I want to create an application which allows Users to budget money they already have into various categories for a given month.
I've already modeled and prototyped handling the data which is tangible; e.g. Bank Accounts, Transactions, Transfers. The problem I am running into is with relating this "real" data (the stuff sitting in your bank, or in your pocket, or on your bank statement) with these fake notions of Budgets (or, as I like to consider them, envelopes).
Here's a quick list of requirements that I've thrown together:
- User can manage their Financial Accounts
- User can manage their Financial Transactions
- User can associate each Transaction with a Financial Account
- User can transfer money between Accounts
- User can assign available money to a given Budget Category, per-month
- User can modify existing Monthly Budget Categories (reduce or increase)
- User can view the amount of money remaining for a given Monthly Budget Category
- User can view amount of money available to Budget (may be negative)
- Money remaining from a Budget Category can carry over to the next month
- User can view their Financial Account totals (should not be affected by budget)
- User can create Budget Categories as goals that could eventually be closed (e.g. Savings for a new car)

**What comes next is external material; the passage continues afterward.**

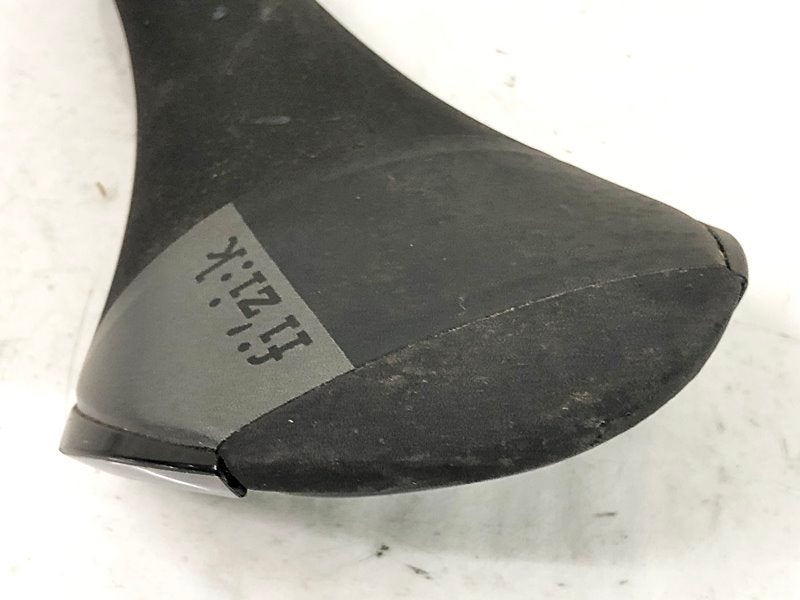 フィジーク FIZIK アリアンテ R3 ALIANTE R3 サドル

- (Probably some other Use-Cases I am forgetting)
The use-cases in bold are the ones I am struggling with.
I toyed with the idea of having a "MonthlyBudget" object, which each transaction could be related to; but this seemed overly-complicated to implement in a database because I'd have to implement a date-range instead of a simple date.

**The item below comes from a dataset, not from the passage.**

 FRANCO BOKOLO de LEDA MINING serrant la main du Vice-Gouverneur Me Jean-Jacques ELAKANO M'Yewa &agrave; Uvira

I played with the idea of treating these Monthly Budget Categories as Accounts, and one would simply perform Transfers to them; but then there'd be no way for the User to cross-check their bank statement with the data in the system.
I played with the idea of "fake money" in which Budgets would somehow make use of, thereby separating "real money" and "budget money" -- but couldn't think this through logically.
I'm a bit at a loss on finding a clear and concise way of implementing this, specifically using a relational-database for storage. If anyone has any suggestions or idea, I'd be very appreciative.